START DATASET CONTENT

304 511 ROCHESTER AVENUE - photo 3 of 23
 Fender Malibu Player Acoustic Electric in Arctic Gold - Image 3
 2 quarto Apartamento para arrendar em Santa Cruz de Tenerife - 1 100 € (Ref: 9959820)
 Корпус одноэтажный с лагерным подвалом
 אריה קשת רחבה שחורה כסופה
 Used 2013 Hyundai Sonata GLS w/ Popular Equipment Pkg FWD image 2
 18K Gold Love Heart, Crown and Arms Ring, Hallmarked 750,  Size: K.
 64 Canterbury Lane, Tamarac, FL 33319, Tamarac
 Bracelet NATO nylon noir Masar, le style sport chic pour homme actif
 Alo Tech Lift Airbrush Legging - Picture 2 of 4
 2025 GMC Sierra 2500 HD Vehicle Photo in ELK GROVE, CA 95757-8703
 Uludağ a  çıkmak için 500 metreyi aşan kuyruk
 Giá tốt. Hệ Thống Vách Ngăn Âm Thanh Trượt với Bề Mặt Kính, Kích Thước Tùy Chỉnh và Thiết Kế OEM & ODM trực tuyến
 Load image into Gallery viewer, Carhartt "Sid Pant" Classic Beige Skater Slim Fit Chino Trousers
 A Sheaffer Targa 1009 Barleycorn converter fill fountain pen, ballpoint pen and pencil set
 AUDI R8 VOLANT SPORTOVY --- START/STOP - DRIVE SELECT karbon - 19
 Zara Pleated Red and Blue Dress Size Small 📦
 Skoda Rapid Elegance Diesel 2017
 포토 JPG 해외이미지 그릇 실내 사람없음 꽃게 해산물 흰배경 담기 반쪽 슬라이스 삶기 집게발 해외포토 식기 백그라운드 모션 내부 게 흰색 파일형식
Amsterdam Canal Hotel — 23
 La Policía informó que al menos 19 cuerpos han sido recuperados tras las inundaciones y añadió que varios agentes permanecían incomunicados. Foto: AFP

END DATASET CONTENT

## TASK GOAL
From the records above, copy only the lines starting with the line that holds "2025 GMC Sierra" and going on through the line that holds "Giá tốt. Hệ", exactly as written.

## RESPONSE AREA
 2025 GMC Sierra 2500 HD Vehicle Photo in ELK GROVE, CA 95757-8703
 Uludağ a  çıkmak için 500 metreyi aşan kuyruk
 Giá tốt. Hệ Thống Vách Ngăn Âm Thanh Trượt với Bề Mặt Kính, Kích Thước Tùy Chỉnh và Thiết Kế OEM & ODM trực tuyến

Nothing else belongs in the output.